InvestNow News – 13th Dec 19 – Pie Funds – A message from Mike: Year in review

5th Dec 2019

Confident consumers
In the end, 2019 wasn’t as bad as feared. Markets survived and thrived despite a backdrop of slowing economic growth and political unrest.  Trade wars, a manufacturing slowdown, civil unrest in Hong Kong and the BREXIT fiasco to name just a few.  Why have markets survived regardless?

In my opinion there are two reasons the global economy hasn’t collapsed.

Number 1: the consumer, who makes up around 70% of the US economy, has continued to spend and remained confident in their outlook.  Why? The answer is in my second point.

Number 2: 10-year government bond yields fell by 1.8% in the past year. While not all of that was passed through to borrowers, a $1m mortgage will cost you $10k less this year than last year i.e. borrowing costs have fallen around 1%, so the average household or consumer has remained buoyant.  Add in bank cash-back offers and the cost of borrowing has never been cheaper. This is conventional monetary policy working as it should. Lower interest rates stimulate the consumer and therefore the economy.

Looking ahead
Where to from here?  We seem to be in the middle of another market recovery after the 2018/2019 global slowdown. I don’t think it will be as long or as powerful as the previous moves for equities, but the trend nonetheless is currently up.

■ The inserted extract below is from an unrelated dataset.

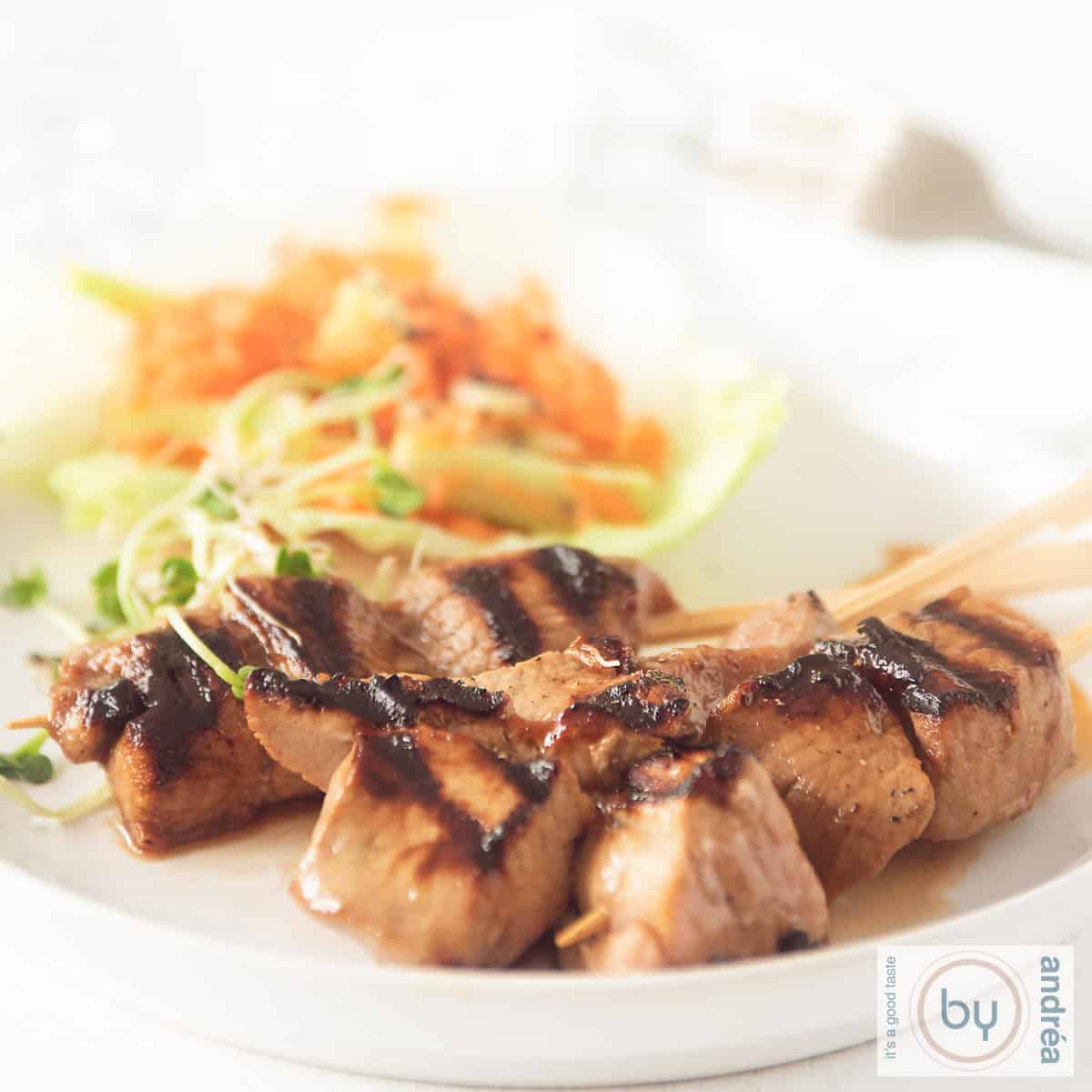 A square photo of a white plate with three skewers of pork tenderloin with ketjap and a salad with carrot and cucumber in the background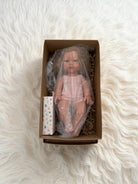 Handmade anatomically correct baby doll with textured blonde curls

Returns for our funds this year have been strong, with the exception of the Multi-Strategy Fund which I discuss further below, and the UK Fund which is specifically related to BREXIT woes (although it had a solid November). Year to date returns to 30 November 2019 are as follows:

The Australasian Funds are up between 17.1% and 41.6% and the International Funds returned between -9.1% and 14.2%. Conservative is up 5.5%. Overall, I’m pretty happy with this 8/10 result.